In [None]:
# Import necessary libraries
import pandas as pd
import matplotlib.pyplot as plt
import seaborn as sns

# Load the dataset
df = pd.read_csv('https://raw.githubusercontent.com/ivanozono/seaborn/main/states_all_extended.csv')

# Display the first few rows of the DataFrame
df.head()

In [None]:
# Check the structure of the data
df.info()

In [None]:
# Check for missing values
df.isnull().sum()

In [None]:
# Impute missing values with mean
df.fillna(df.mean(), inplace=True)

# Check again for missing values
df.isnull().sum()

In [None]:
# Get descriptive statistics for numerical columns
df.describe()

In [None]:
# Create a correlation matrix
corr = df.corr()

# Generate a mask for the upper triangle
mask = np.triu(np.ones_like(corr, dtype=bool))

# Set up the matplotlib figure
f, ax = plt.subplots(figsize=(11, 9))

# Generate a custom diverging colormap
cmap = sns.diverging_palette(230, 20, as_cmap=True)

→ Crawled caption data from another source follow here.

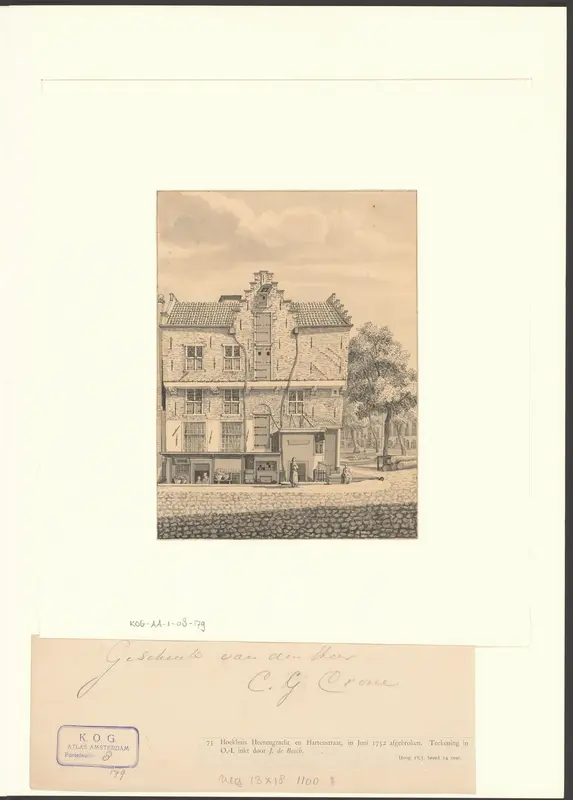 Gezicht op een hoekhuis met trapgevels, hoek Herengracht en Hartenstraat Wall Art by Unknown - High-Resolution Digital Print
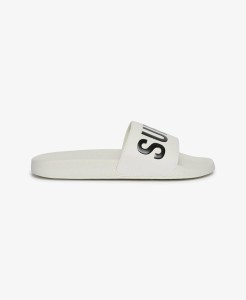 superdry Pool Sliders klapki basenowe z wyściełanymi paskami – Brilliant White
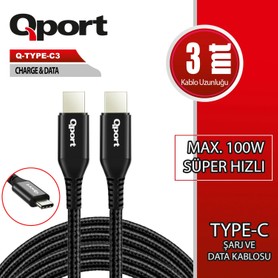 Qport Q-Type-C3 3m Type-C 100W Super Hızlı Pd Sarj ve Data Kablosu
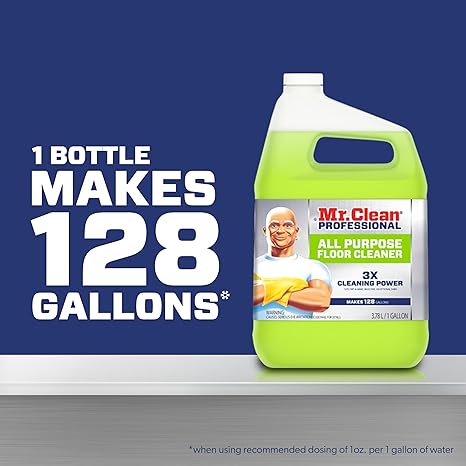 Mr. Clean Finished Floor Cleaner, Lemon Scent, 1 gal Bottle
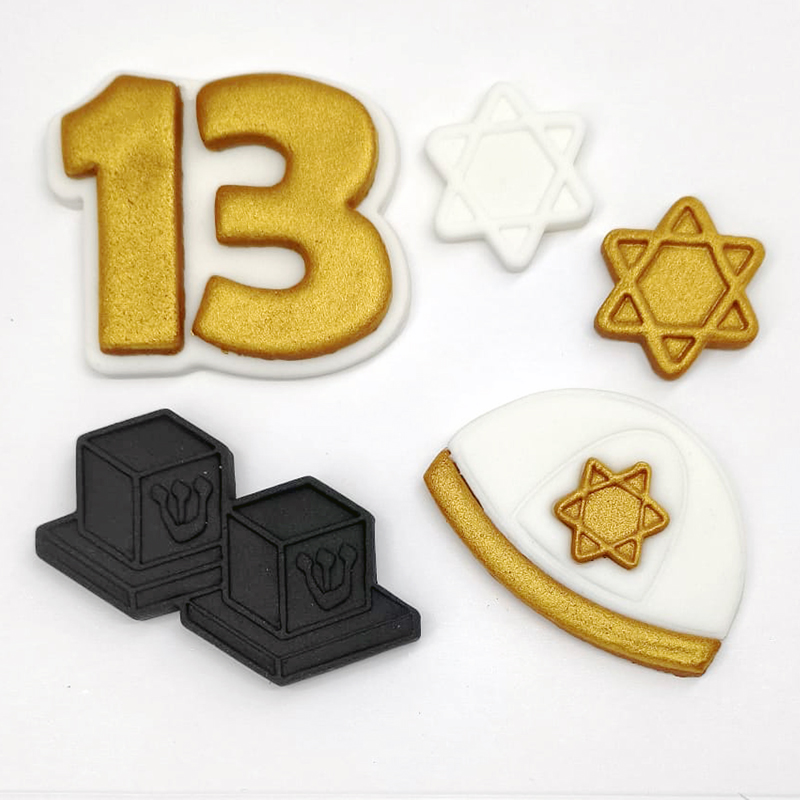קישוט בצק סוכר דגם: סט בר מצווה זהב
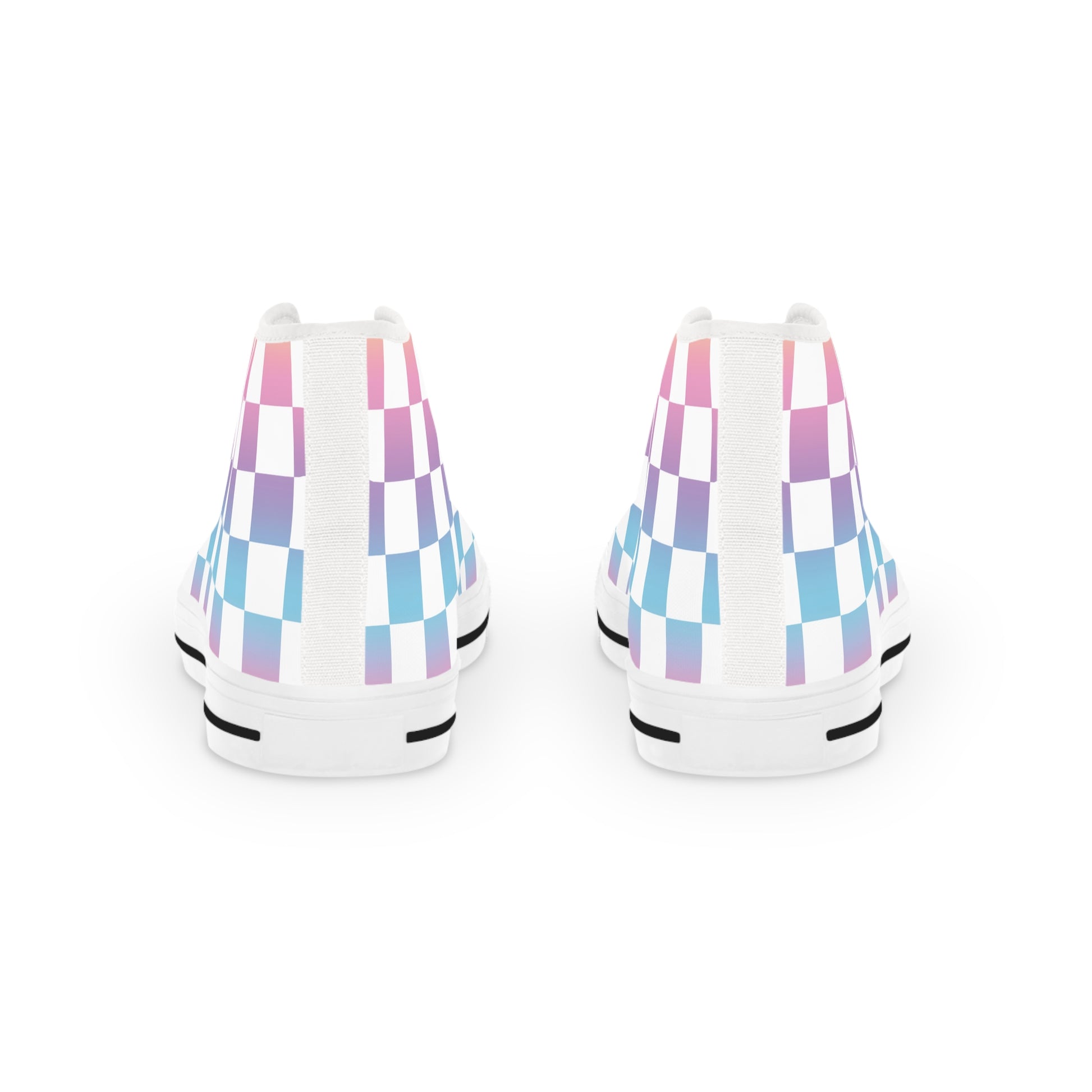 Vaporwave Check Men's High Top Sneakers, Artsulli - Art is Long, Life is Short, Shoes, , , , , , , 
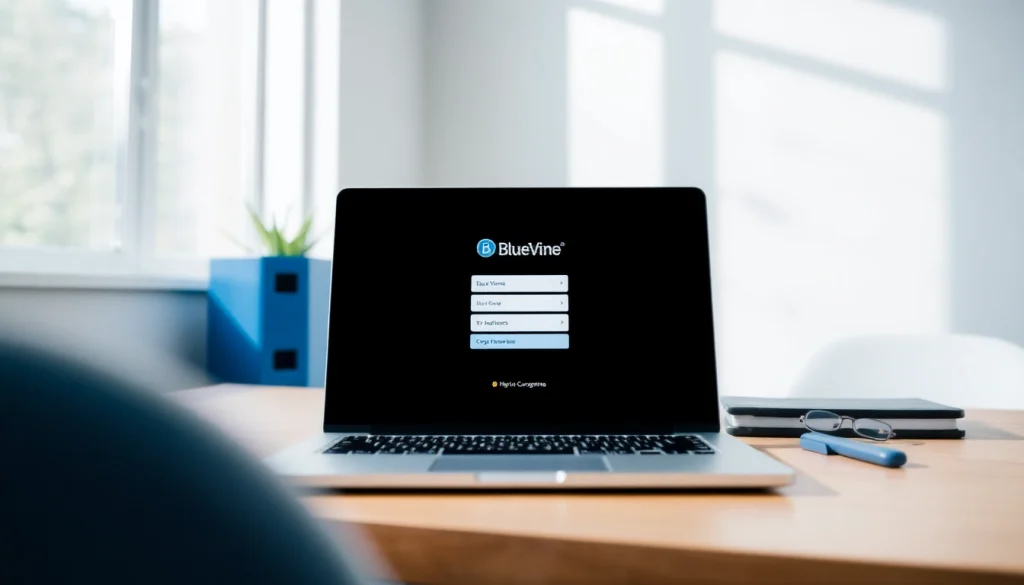 Securely access your account with BlueVine login on your laptop in a modern workspace setting.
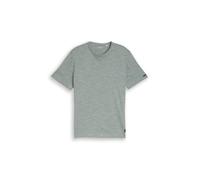 Tom Tailor Herren-T-Shirt DETAILED FINE STRIPE – Melange-Optik, Green Navy – Größe M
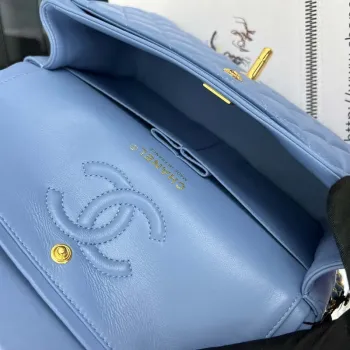 Chanel A01117 Kabelka s klopou Klasická taška Modrá jehněčí kůže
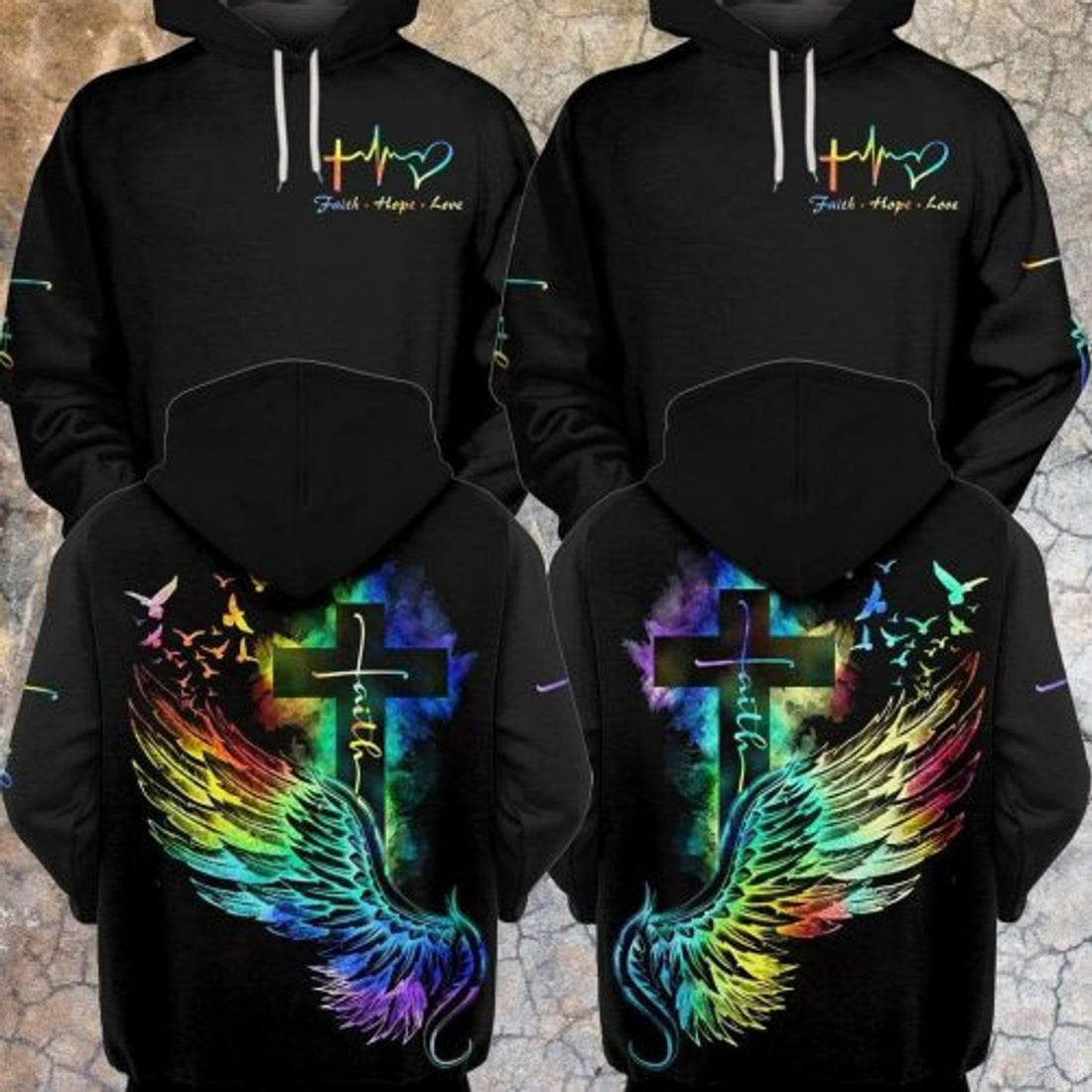 FUNSTUFFPRINT Matching Faith Hope Love Couple 3D Hoodie and Zip Hoodie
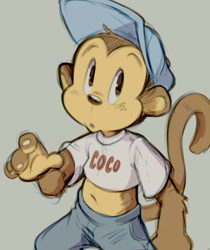 Size: 730x869 | Tagged: safe, artist:dandi, coco the monkey, mammal, monkey, primate, cub, cubs only, male, males only, slender, solo cub, solo male, young, kelloggs, mascot, colored, flat colored, sketch, ball cap, clothing, crop top, curious, hat, high-angle view, jeans, looking away, looking up, midriff, navel, one arm up, shirt, solo, t-shirt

# Draw the heatmap with the mask and correct aspect ratio
sns.heatmap(corr, mask=mask, cmap=cmap, vmax=.3, center=0,
            square=True, linewidths=.5, cbar_kws={"shrink": .5})

In [None]:
# Create a scatter plot for TOTAL_REVENUE and TOTAL_EXPENDITURE
plt.figure(figsize=(10, 6))
sns.scatterplot(x='TOTAL_REVENUE', y='TOTAL_EXPENDITURE', data=df)
plt.title('Total Revenue vs Total Expenditure')
plt.xlabel('Total Revenue')
plt.ylabel('Total Expenditure')
plt.show()

In [None]:
# Create a histogram for TOTAL_REVENUE
plt.figure(figsize=(10, 6))
sns.histplot(df['TOTAL_REVENUE'], bins=50, kde=True)
plt.title('Distribution of Total Revenue')
plt.xlabel('Total Revenue')
plt.ylabel('Frequency')
plt.show()

In [None]:
# Create a box plot for TOTAL_REVENUE
plt.figure(figsize=(10, 6))
sns.boxplot(x=df['TOTAL_REVENUE'])
plt.title('Box Plot of Total Revenue')
plt.xlabel('Total Revenue')
plt.show()

In [None]:
# Create a pair plot for a subset of variables
subset = df[['TOTAL_REVENUE', 'FEDERAL_REVENUE', 'STATE_REVENUE', 'LOCAL_REVENUE', 'TOTAL_EXPENDITURE']]
sns.pairplot(subset)

In [None]:
# Create a line plot for TOTAL_REVENUE and TOTAL_EXPENDITURE over time
plt.figure(figsize=(14, 8))
sns.lineplot(x='YEAR', y='TOTAL_REVENUE', data=df, label='Total Revenue')
sns.lineplot(x='YEAR', y='TOTAL_EXPENDITURE', data=df, label='Total Expenditure')
plt.title('Total Revenue and Total Expenditure Over Time')
plt.xlabel('Year')
plt.ylabel('Amount')
plt.legend()
plt.show()

In [None]:
# Filter the data for the most recent year
recent_data = df[df['YEAR'] == df['YEAR'].max()]

# Calculate the total revenue and total expenditure for each state
state_data = recent_data.groupby('STATE')[['TOTAL_REVENUE', 'TOTAL_EXPENDITURE']].sum().reset_index()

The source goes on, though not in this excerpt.